**WHAT YOU ARE ASKED TO DO:** Using the data that follows, give again word for word the lines between the one holding "Used Mercedes-Benz GLC" and the one holding "Unveiling the 2024", inclusive. Omit the pictures.

**TASK DATA:**

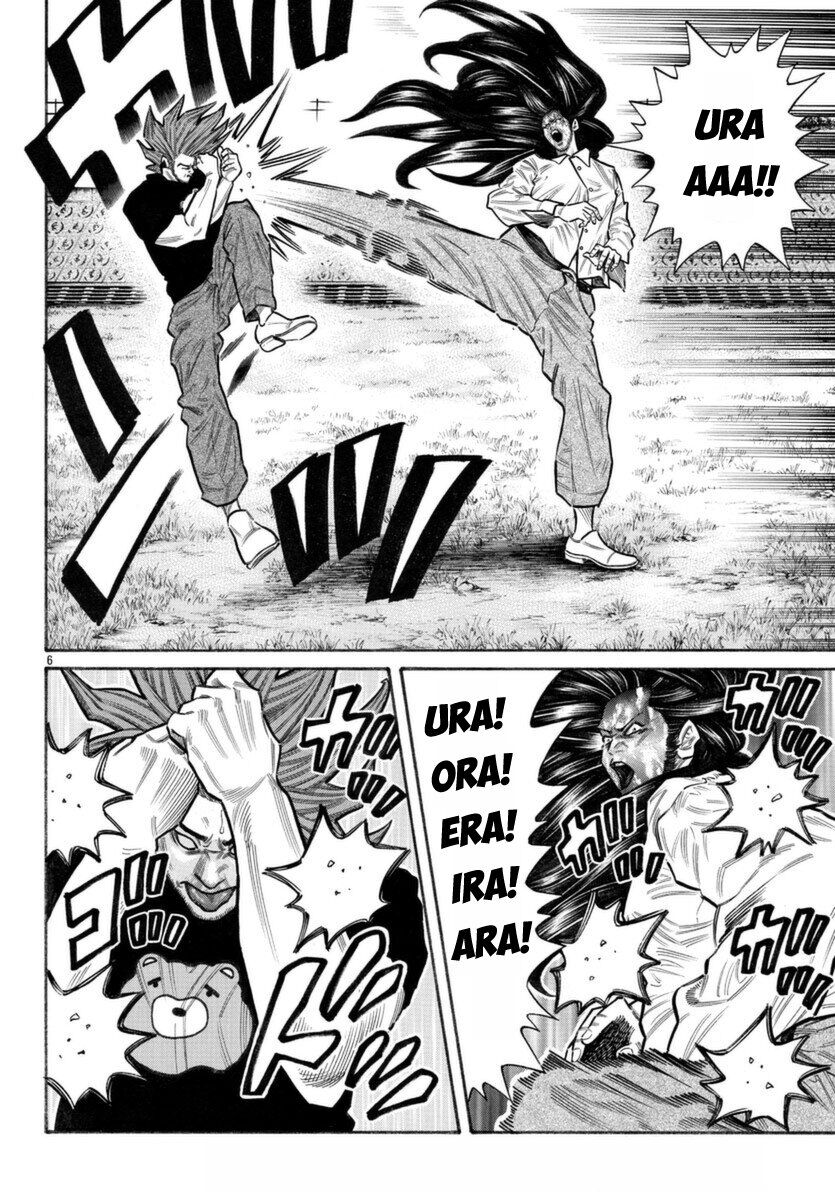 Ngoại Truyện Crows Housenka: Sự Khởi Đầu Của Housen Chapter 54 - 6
...
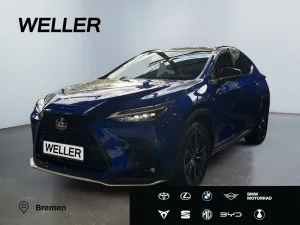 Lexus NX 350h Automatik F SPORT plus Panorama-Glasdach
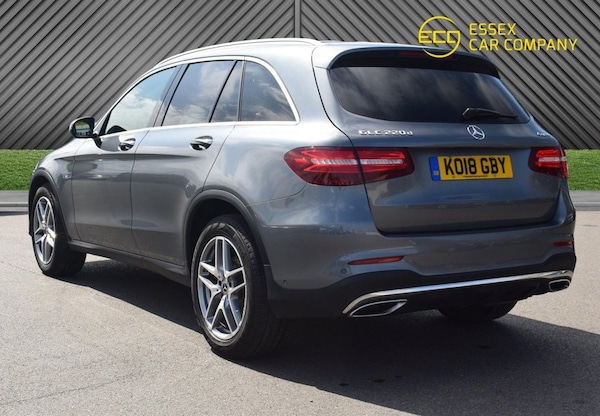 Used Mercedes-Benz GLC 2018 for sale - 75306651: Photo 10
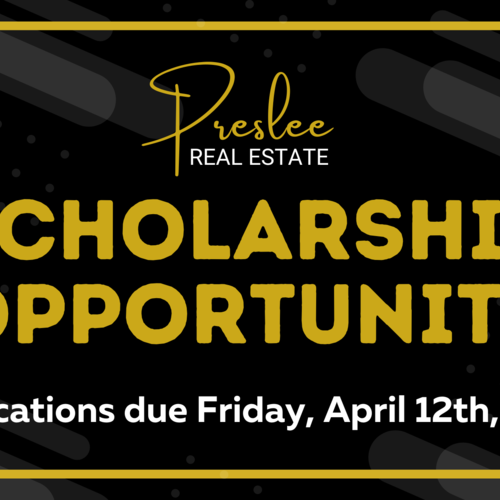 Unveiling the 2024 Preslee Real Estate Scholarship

**EXERCISE SOLUTION:**
 Used Mercedes-Benz GLC 2018 for sale - 75306651: Photo 10
 Unveiling the 2024 Preslee Real Estate Scholarship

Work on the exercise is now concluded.